Last Tuesday, The Bermuda Environmental Sustainability Taskforce (BEST) formally launched their Blueprint for Environmental Sustainability - 2012.
Greenrock welcomes the blueprint as a comprehensive description of the hurdles to sustainability for Bermuda. It draws a clear picture of the challenges we face. We agree with BEST and the IUCN that "present decisions worldwide tend to weight the economic environment too heavily while not giving enough consideration to the physical environment"1. As environmental stewardship advocates, BEST is well placed to scrutinize public policies and procedures and indeed the document reflects this; it is particularly eloquent on the demands on Bermuda's land and requirements for appropriate planning.
Greenrock applaud BEST on doing an excellent job in documenting THE PROBLEM together with their suggestions on where to look for solutions. Greenrock agrees that much of the focus needs to be on Changing the Mindset, one person at a time, and we would like to share some current examples of how Greenrock act as part of THE SOLUTION.
Whilst recognizing the need to transform Government policies and procedures, Greenrock emphasises community-driven solutions, with the belief that when the people of Bermuda demonstrate the wilingness, indeed the expectation, of better stewardship the Government will follow.
Sustainable change only occurs when individuals act together for the common good of the planet; the same is true for Bermuda. We need to all work together to help make Bermuda a more sustainable place to live from an economic, social, and environmental perspective. And Greenrock’s mission is to continually help focus the community on the sustainable ideas suitable for island life in Bermuda.
Greenrock believes that leading people in clearly defined projects can resolve some of our problems as a community.
Greenrock has projects underway in areas of energy production and use; food production and consumption; and waste reduction and management.
Our Healthy Harvest, School Roadshow and Green School projects are proving successful in re-connecting people to the natural environment, and in helping develop an increased ecological awareness in young people.
Greenrock is also making headway with its Green Building Forum as a space for people who manage large built facilities and are faced with making their practices more ecologically sensible and sustainable.
In addition, Greenrock are collaborating on a number of projects that focus on specific solutions to specific environmental challenges.

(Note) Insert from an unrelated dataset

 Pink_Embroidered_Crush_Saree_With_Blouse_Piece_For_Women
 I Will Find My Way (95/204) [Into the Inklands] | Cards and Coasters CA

These include
- finding ways to support implementation of the Government's 2011 Bermuda Energy White Paper (e.g. our Net Metering initiative),
- leading a 'No Thanks!' project to reduce Bermuda's use of single-use bags, and
- our partnering with AES, the Corporation of Hamilton and BAC to erect six hydration stations in the City of Hamilton, which provide a more eco-friendly alternative to disposable bottles of water.

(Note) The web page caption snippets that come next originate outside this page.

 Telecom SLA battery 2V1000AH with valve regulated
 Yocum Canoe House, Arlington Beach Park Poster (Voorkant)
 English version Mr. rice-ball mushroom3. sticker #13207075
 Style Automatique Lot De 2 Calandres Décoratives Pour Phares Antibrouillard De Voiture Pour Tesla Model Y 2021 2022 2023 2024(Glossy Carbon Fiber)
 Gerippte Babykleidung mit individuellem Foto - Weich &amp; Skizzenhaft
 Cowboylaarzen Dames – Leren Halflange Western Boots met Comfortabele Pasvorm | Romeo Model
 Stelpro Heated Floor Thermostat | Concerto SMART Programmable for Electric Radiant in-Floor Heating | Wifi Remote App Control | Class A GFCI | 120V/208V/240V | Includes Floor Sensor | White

We are committed to the annual global Earth Hour and Earth Day events and are an active partner in the Bermuda Alliance for Sargasso Sea (BASS) in support of the Blue Halo project.
Greenrock has also started engaging the community on ways to improve event waste management practices such that large public gatherings lower their carbon footprint on the natural environment.
Finally, Greenrock has aligned itself with the community garden movement both directly through our own Healthy Harvest project, and indirectly by providing support to the recent Seed Share project initiated by Frances Eddy, the Bermuda National Trust's community garden in Warwick and the re-inspired work by the Christ Church group in their Paget community garden (video). Although Bermuda may never be able to produce the volume of food to feed its entire population, we remain convinced that community gardens offer an opportunity to lessen our dependence on overseas suppliers and act as an incubator to re-connect the Bermudian people with each other and the larger living environment.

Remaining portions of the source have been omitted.